Each record that comes next should be output exactly; pictures do not belong in the copy.

*** Opening Material to process ***

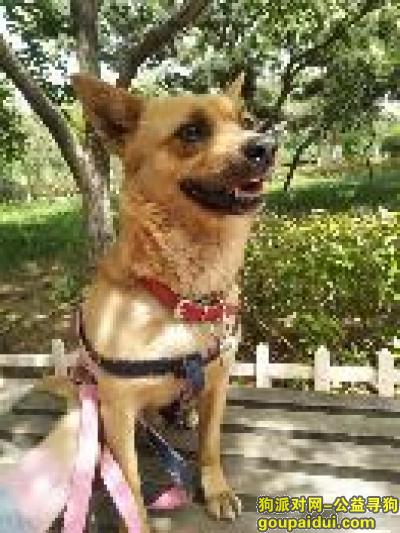 青岛蒙古路车站附近望好心人帮忙!，它是一只非常可爱的宠物狗狗，希望它早日回家，不要变成流浪狗。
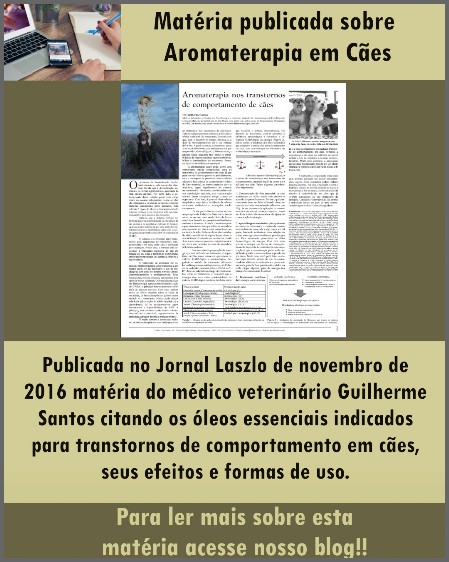 Aromaterapia em cães (ansiedade separação)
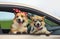 two Corgi dogs poked their muzzles and paws out of the window of a passing car during the ride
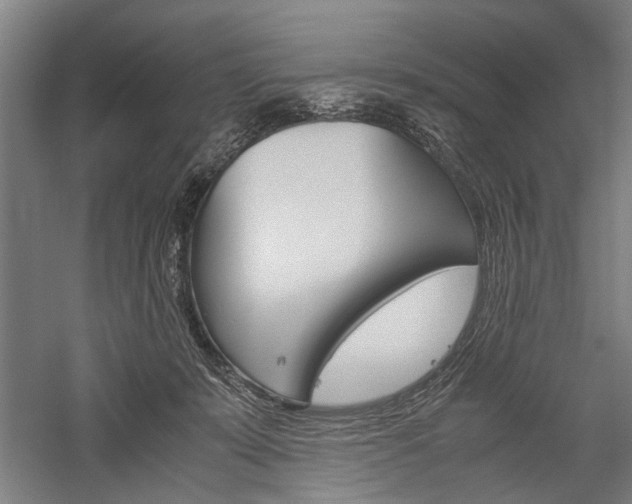 X0000060260319200510281015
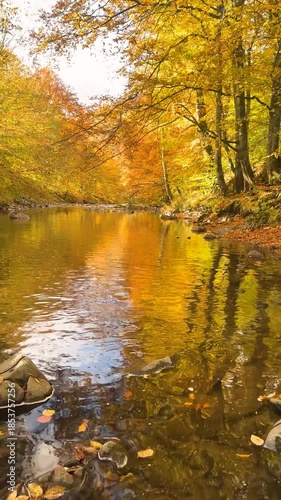 A tourist traveling along a clear mountain river in autumn in the Ukrainian Carpathians. Incredible autumn colors: gold and orange, red and yellow.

*** Closing Material to process ***

Solved problem:
 青岛蒙古路车站附近望好心人帮忙!，它是一只非常可爱的宠物狗狗，希望它早日回家，不要变成流浪狗。
 Aromaterapia em cães (ansiedade separação)
 two Corgi dogs poked their muzzles and paws out of the window of a passing car during the ride
 X0000060260319200510281015
 A tourist traveling along a clear mountain river in autumn in the Ukrainian Carpathians. Incredible autumn colors: gold and orange, red and yellow.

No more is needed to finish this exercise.